What this task involves: Print the listing below only from the line that has "Carnival Folly (Disparate" through the line that has "BLIC Lüftungsgitter Grill", exactly, and drop any picture.

Information shown:
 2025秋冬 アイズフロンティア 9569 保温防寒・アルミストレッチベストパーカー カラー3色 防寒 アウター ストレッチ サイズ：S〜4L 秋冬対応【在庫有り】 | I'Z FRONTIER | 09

...

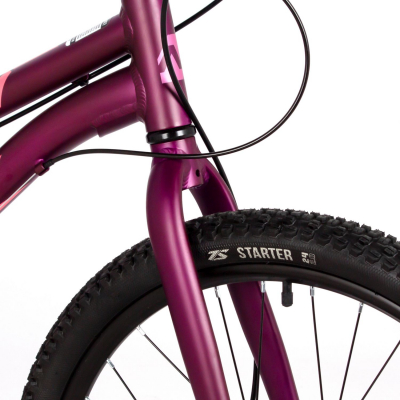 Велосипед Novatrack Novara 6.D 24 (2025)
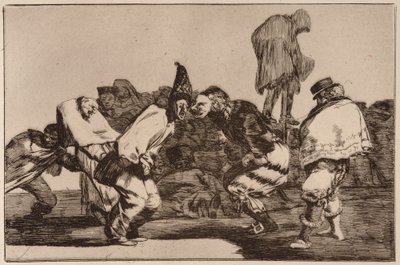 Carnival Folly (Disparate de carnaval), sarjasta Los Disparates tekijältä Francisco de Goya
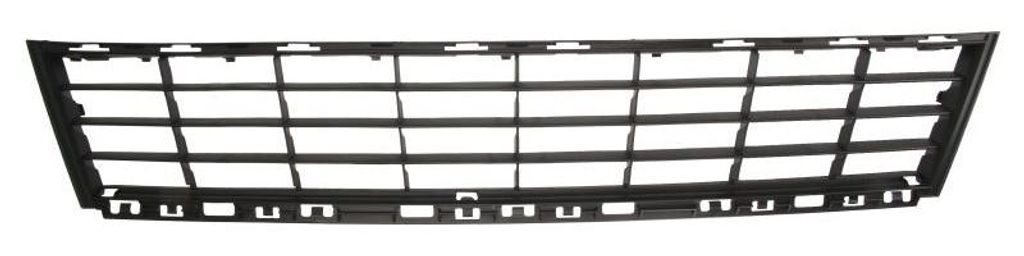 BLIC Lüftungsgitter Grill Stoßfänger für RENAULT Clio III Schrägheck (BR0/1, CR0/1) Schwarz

Answer:
 Carnival Folly (Disparate de carnaval), sarjasta Los Disparates tekijältä Francisco de Goya
 BLIC Lüftungsgitter Grill Stoßfänger für RENAULT Clio III Schrägheck (BR0/1, CR0/1) Schwarz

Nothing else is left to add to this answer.